Russians have made their choice and most of them have decided to opt out.
For the first time in post-Soviet history, a majority of Russian voters decided to stay home rather than cast a ballot in a federal election.
Roughly 48 percent of eligible voters turned out for yesterday's legislative elections, which is -- by far -- a record low.
In the past six elections, the average turnout was over 60 percent.
In Moscow, less than 30 percent voted, according to preliminary figures. In St. Petersburg, it was less than 20 percent.
This will be a Duma of the minority.
And this, I think, is the most important takeaway from yesterday's vote.
If elections in Russia are legitimization rituals and political theater -- and this is pretty much what they have been reduced to -- a majority of Russians have decided they didn't want to be part of the show.
A majority chose not to legitimize the sham.
But here's the thing. This was largely by design.
The Kremlin moved the election forward from December to September, when many Russians are still on holiday.

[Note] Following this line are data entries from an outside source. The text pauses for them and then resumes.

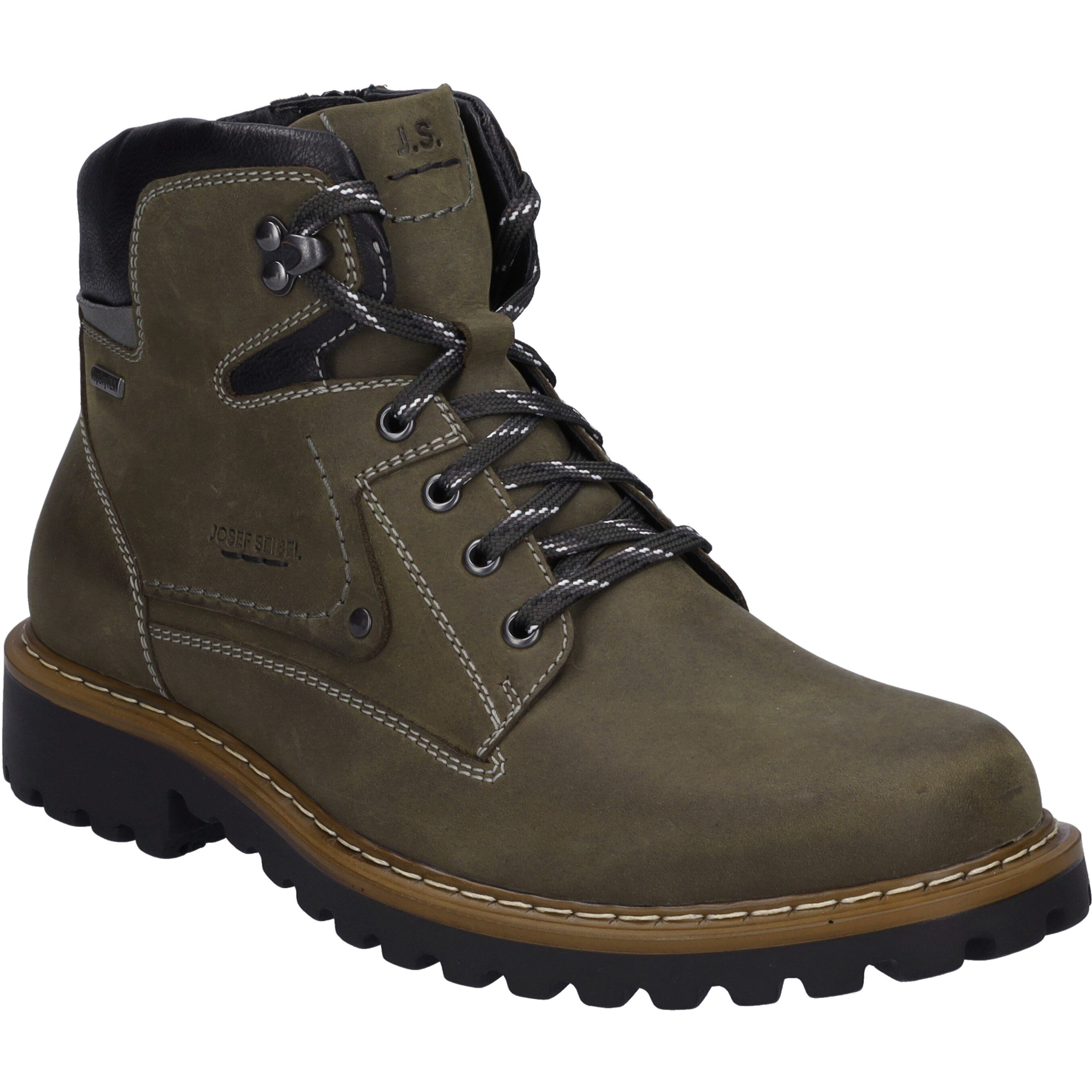 Josef Seibel Chance 51, grün Stiefelette günstig online kaufen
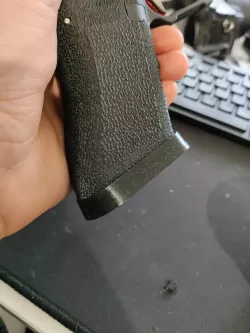 We Glock 17 base plate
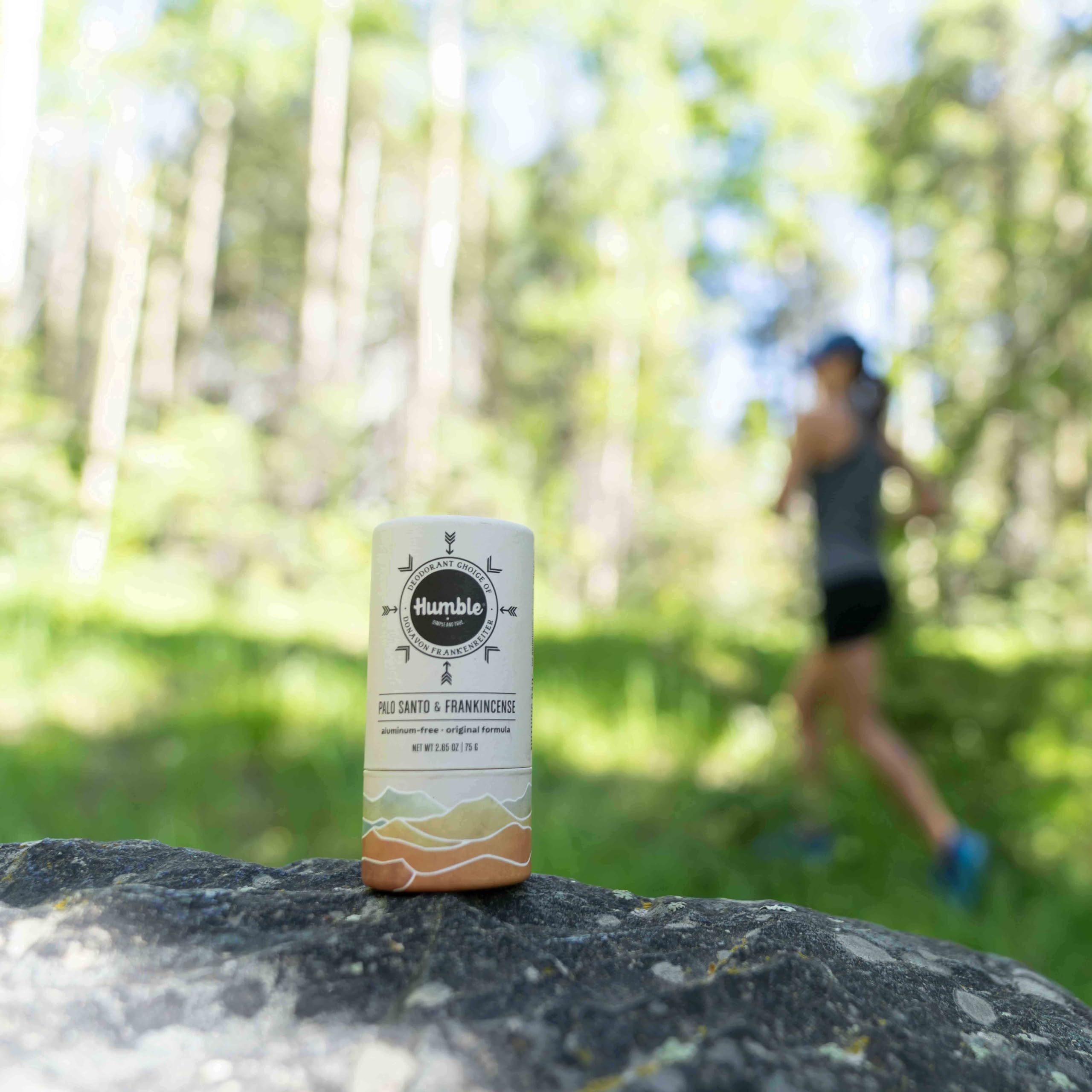 Humble Brands MCT oil ingredient detail emphasizes creamy, skin-friendly feel.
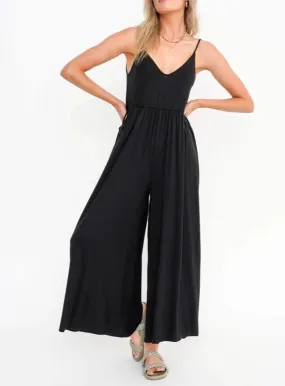 Project Social T Lovin You Wide Leg Jumpsuit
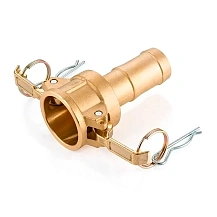 Камлок латунный PL100CBR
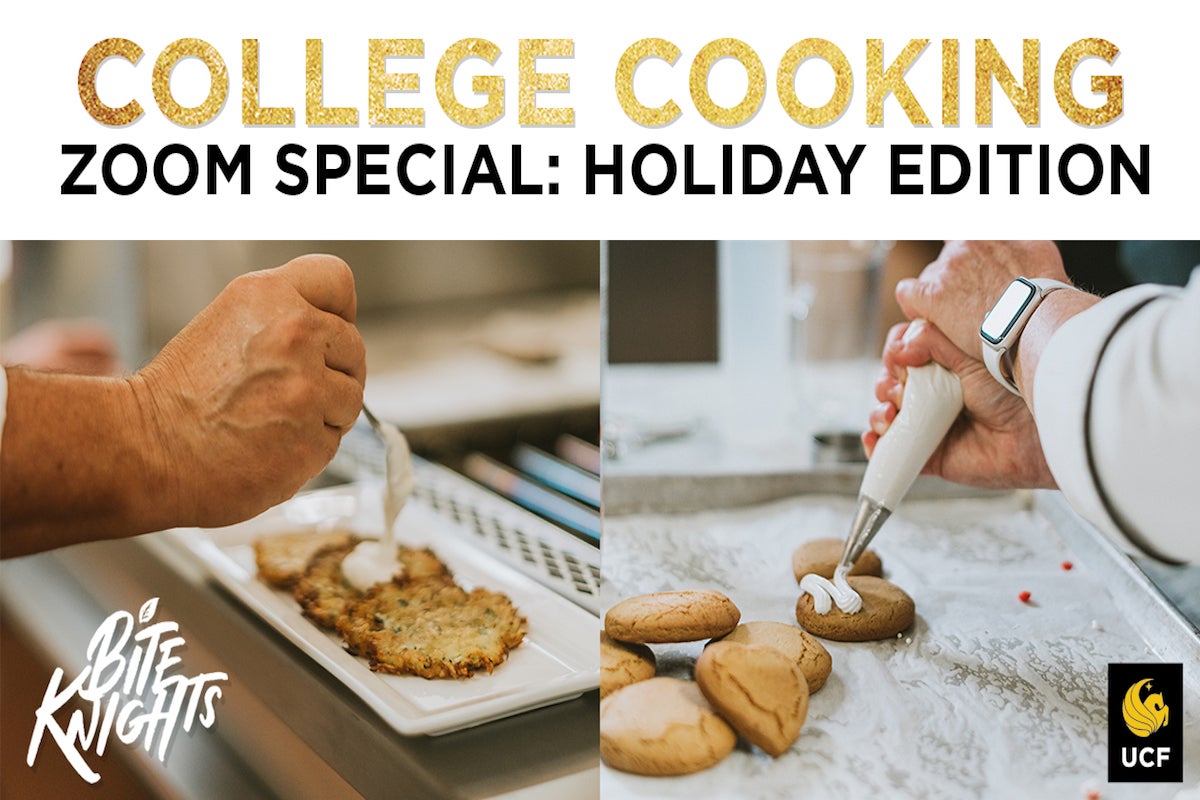 College Cooking Zoom Special: Holiday Edition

The campaign season was shorter and received less attention than in the past.
The Kremlin wanted a boring election that nobody cared about. And they got what they wanted.
And what this means is that Vladimir Putin's regime appears to be moving away from elections -- even fixed elections -- as their primary means of legitimization.
It looks like Putin is abandoning electoral authoritarianism and replacing it with good old-fashioned authoritarianism.